Coding our first Spark SQL job

In this section, we will discuss the basics of writing/coding Spark SQL jobs in Scala and Java. Spark SQL exposes the rich DataFrame API (http://spark.apache.org/docs/latest/api/scala/index.html#org.apache.spark.sql.DataFrame) for loading and analyzing datasets in various forms. It not only provides operations for loading/analyzing data from structured formats such as Hive, Parquet, and RDBMS, but also provides flexibility to load data from semistructured formats such as JSON and CSV. In addition to the various explicit operations exposed by the DataFrame API, it also facilitates the execution of SQL queries against the data loaded in the Spark.

Let's move ahead and code our first Spark SQL job in Scala and then we will also look at the corresponding implementation in Java.

Coding a Spark SQL job in Scala

In this section, we will code and execute our first Spark SQL Job using Scala APIs.

It is our first Spark SQL job, so we will make it simple and use some sample data of company, departments, and employees in the JSON format.
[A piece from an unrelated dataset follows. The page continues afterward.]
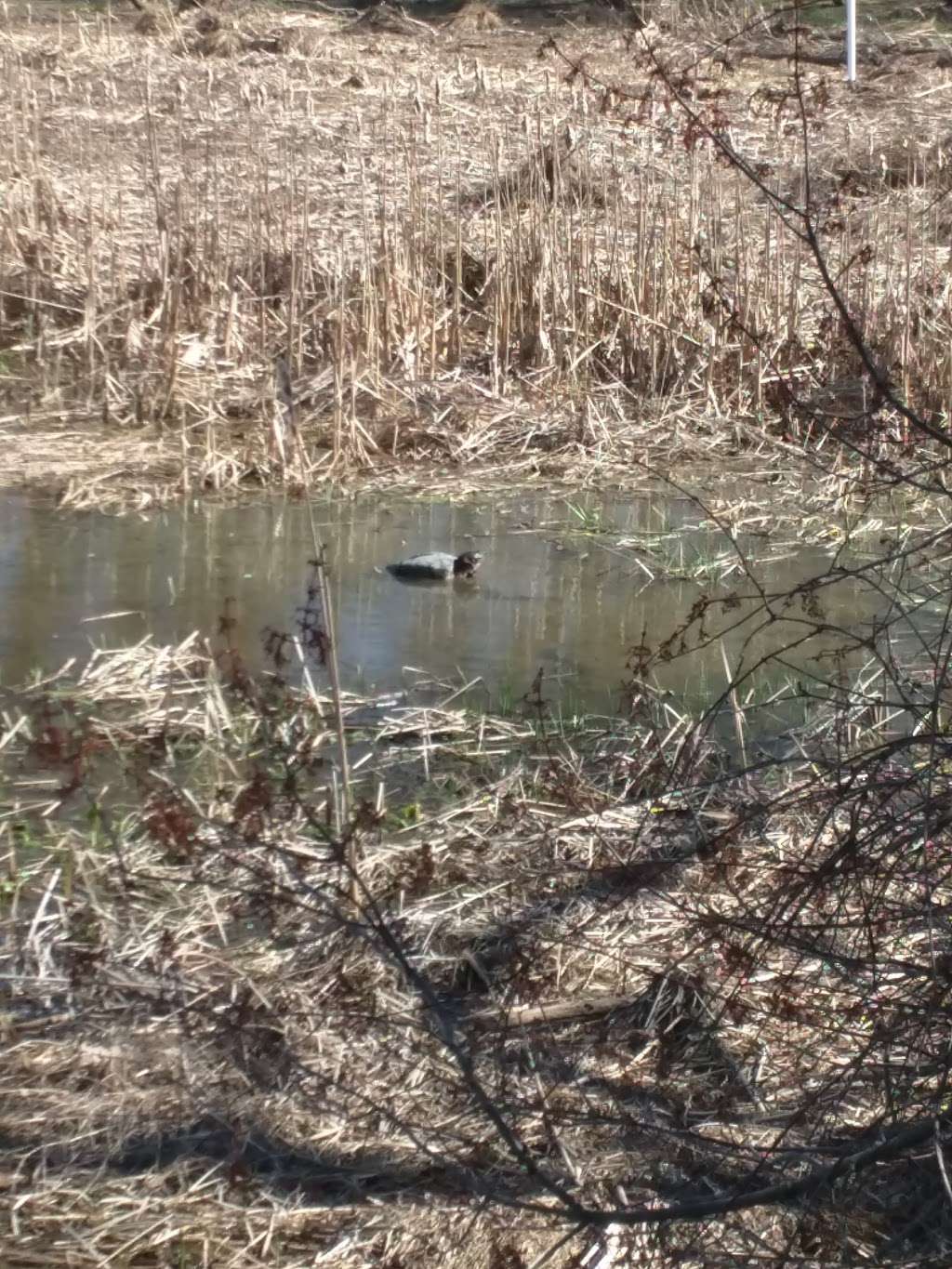 Charles H. Rogers Wildlife Refuge | West Dr, Princeton, NJ 08540, USA | Phone: (609) 924-5704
Consider the following code:

[  
   {  
      "Name":"DEPT_A",
      "No_Of_Emp":10,
      "No_Of_Supervisors":2
   },
   {  
      "Name":"DEPT_B",
      "No_Of_Emp":12,
      "No_Of_Supervisors":2
   },
   {  
      "Name":"DEPT_C",
      "No_Of_Emp":14,
      "No_Of_Supervisors":3
   }
]

We need to copy the preceding JSON data and save it at the same location where we saved our Chicago crime dataset and name it company.json.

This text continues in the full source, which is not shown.